For each key, I want to find the pair with the largest value of one of Pair's fields (preco). In the reducer the following code produces the expected result:
float max = 0;
String country = "";
for (Pair p : values){
if (p.getPreco().get() > max)
{
max = p.getPreco().get();
country = p.getPais().toString();
}
}
context.write(key, new Pair(new FloatWritable(max), new Text(country)));
The following code, on the other hand, does not:
Pair max = new Pair();
for (Pair p : values)
if (p.getPreco().get() > max.getPreco().get())
max = p;
context.write(key, max);
The second code produces, for each key, the last value that is associated to it in the input file and not the highest value.

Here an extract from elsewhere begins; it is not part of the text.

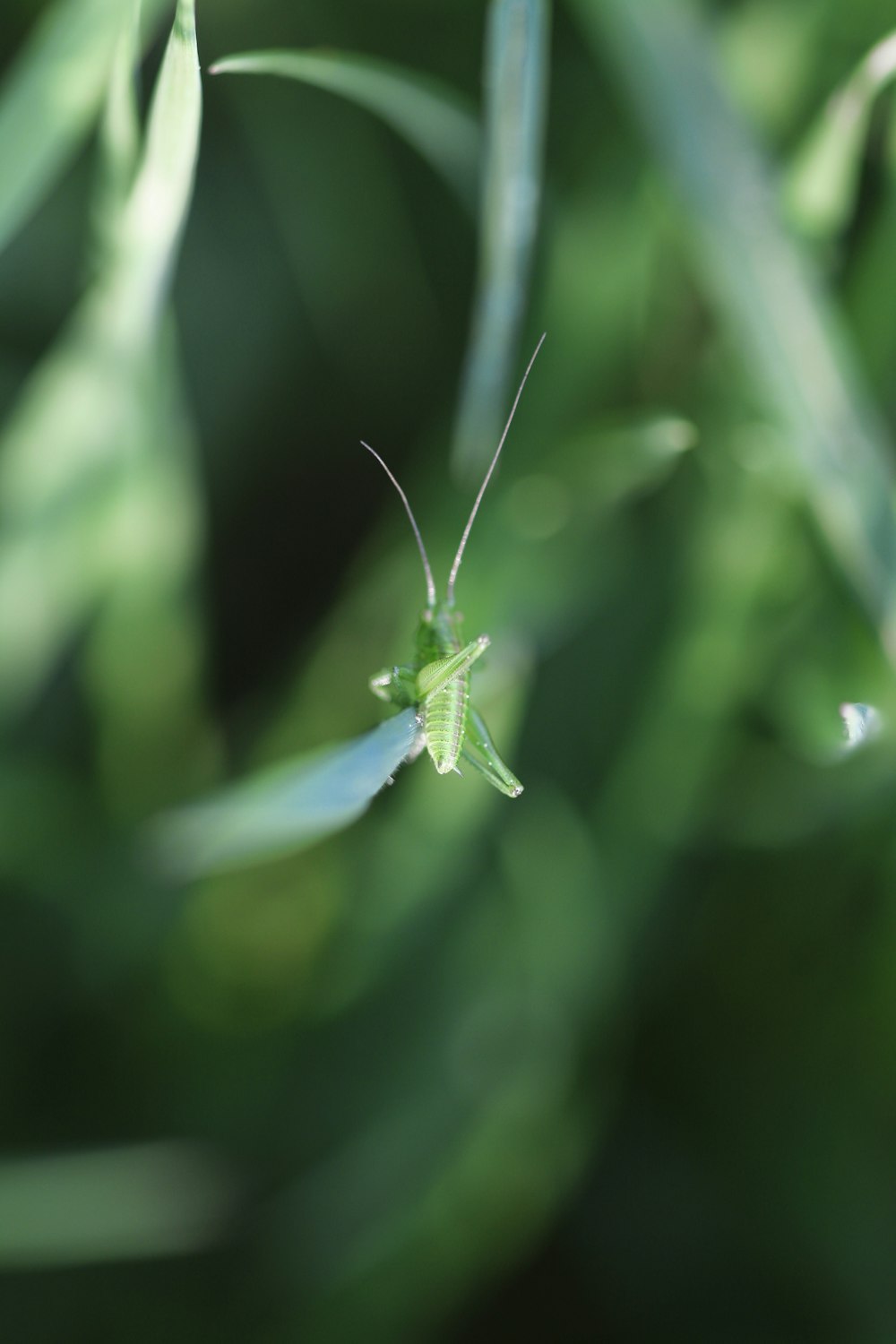 un petit insecte vert assis sur une feuille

Is there a reason for this apparently strange behavior?
Upvotes: 1
Views: 51
Reputation: 13927
You have this problem because the reducer is reusing objects, so its iterator over the values is always passing you the same object. Thus this code:
max = p;
Will always refer the current value of p
. You need to copy the the data into max
for this to work properly and not reference the object. This is why the first version of your code is working.
Usually in Hadoop I would implement a .set()
method on a custom writable, this is a common pattern you will see. So your Pair
class might look a bit like (its missing the interface methods etc):
public class Pair implements Writable {
public FloatWritable max = new FloatWritable();
public Text country = new Text();
public void set(Pair p) {
this.max.set(p.max.get());
this.country.set(p.country);
}
}
And you would change your code to:
Pair max = new Pair();
for (Pair p : values) {
if (p.max().get() > max.max.get()) {
max.set(p);
}
}
context.write(key, max);
I haven't created getters
in Pair
so the code is changed slightly to directly access the public class variables.
Upvotes: 1